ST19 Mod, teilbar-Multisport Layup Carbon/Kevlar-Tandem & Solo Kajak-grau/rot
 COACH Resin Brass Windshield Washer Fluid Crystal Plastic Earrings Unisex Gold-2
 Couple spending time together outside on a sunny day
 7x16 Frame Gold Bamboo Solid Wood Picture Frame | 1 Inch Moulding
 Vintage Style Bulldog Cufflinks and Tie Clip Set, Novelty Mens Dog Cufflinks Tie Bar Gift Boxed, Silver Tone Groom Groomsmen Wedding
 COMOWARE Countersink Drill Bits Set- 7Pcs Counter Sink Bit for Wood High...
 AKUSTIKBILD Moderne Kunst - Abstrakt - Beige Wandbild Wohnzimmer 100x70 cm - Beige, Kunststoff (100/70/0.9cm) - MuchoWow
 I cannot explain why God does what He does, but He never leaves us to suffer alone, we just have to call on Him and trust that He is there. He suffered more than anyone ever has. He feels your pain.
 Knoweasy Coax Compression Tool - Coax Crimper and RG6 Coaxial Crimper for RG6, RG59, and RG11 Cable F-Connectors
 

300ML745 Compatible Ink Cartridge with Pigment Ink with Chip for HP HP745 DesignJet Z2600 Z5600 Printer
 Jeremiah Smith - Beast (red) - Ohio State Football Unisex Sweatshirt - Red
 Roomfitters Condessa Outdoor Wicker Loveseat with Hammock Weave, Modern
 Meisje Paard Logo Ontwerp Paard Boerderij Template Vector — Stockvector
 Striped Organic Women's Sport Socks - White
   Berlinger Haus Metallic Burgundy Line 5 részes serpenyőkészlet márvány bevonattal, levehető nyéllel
---
* _Your instructions_
For each line in the records that holds "with", show that line as it stands.

* _Result of the exercise_
300ML745 Compatible Ink Cartridge with Pigment Ink with Chip for HP HP745 DesignJet Z2600 Z5600 Printer
 Roomfitters Condessa Outdoor Wicker Loveseat with Hammock Weave, Modern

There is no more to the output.